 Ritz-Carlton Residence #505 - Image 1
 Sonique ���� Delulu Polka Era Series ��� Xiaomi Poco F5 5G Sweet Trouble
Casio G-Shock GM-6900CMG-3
--------------------
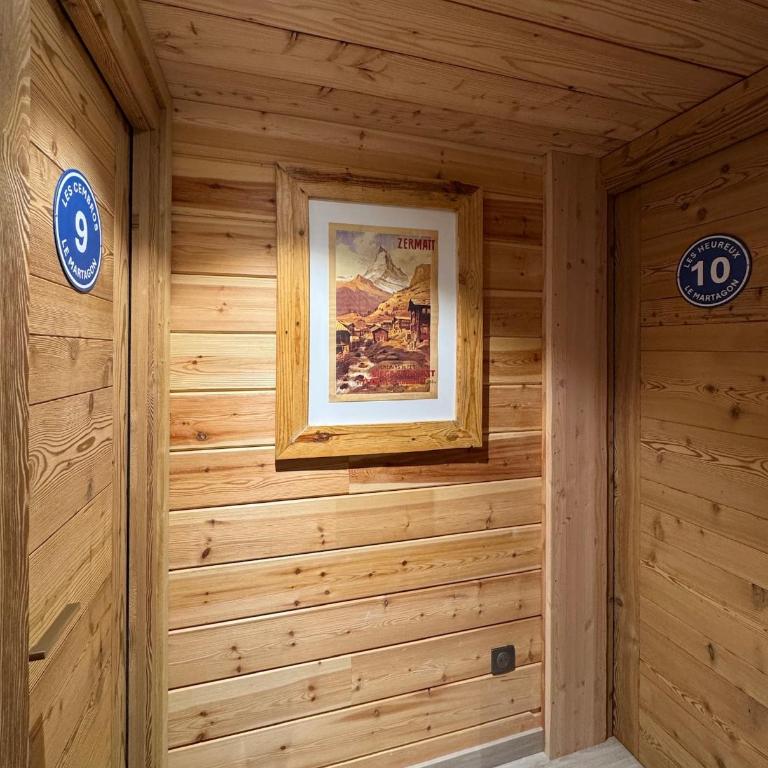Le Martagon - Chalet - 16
--------------------
— DIRECTIONS —
Taking the entries above, restate exactly those lines that fall between the line with "Ritz-Carlton Residence #505 - Image 1" and the line with "Casio G-Shock GM-6900CMG-3", keeping both of those lines too.

— RESULT OF THIS EXERCISE —
 Ritz-Carlton Residence #505 - Image 1
 Sonique ���� Delulu Polka Era Series ��� Xiaomi Poco F5 5G Sweet Trouble
Casio G-Shock GM-6900CMG-3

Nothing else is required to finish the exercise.